Quicken Essentials get recourse with iBank update's import feature
Posted 27 February 2013 - 07:48 AM
Posted 26 April 2013 - 11:38 AM
Posted 06 May 2013 - 04:12 PM
The traditional Quicken product for the Mac is at end-of-life. The code base has been on borrowed time for years and Intuit knows it. There's the "Intel-native" Q2007 build but that's nothing more than a stopgap. That's why, before Q2007 was even released, Intuit kicked off a project to massively overhaul and modernize the product. They discovered what several other developers have: Coming up with a viable challenger to traditional Quicken is a very difficult task. It's not that there's no room for growth; it's that it's a large and complex product and every feature is a killer feature for some subset of the user base. Modernization and other improvements don't matter a bit to those people if the existing features they consider critical don't exist exactly as they're used to. (It's kind of like when BeOS started getting media attention, and suddenly there were a whole lot of people (in relative terms) that didn't want a new, powerful paradigm. They wanted Windows, but not done by Microsoft.)
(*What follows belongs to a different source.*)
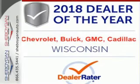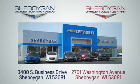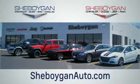Come in for a test drive today. Choose Sheboygan Auto. We're conveniently located at 3400 South Business Drive or at 2701 Washington Avenue in Sheboygan, Wisconsin. Sheboyganautos.com.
So Intuit's massive overhaul - Quicken Financial Life for the Mac - was almost universally panned by testers, not because it was bad but because it was different. They scrapped the project - years of effort - and went back to the drawing board. The ultimate result, after some more false starts, was Quicken Essentials. Essentials' code base *is* the future of the Quicken product line. It's not so different that it alienates most users outright, but it is more modern in the user experience and (more importantly) much more modern behind the scenes. Essentials does everything most users want, and most of what the rest do, and I'm confident that the future of the product line is incremental updates to that code base to continue to address missing features and add new behaviors.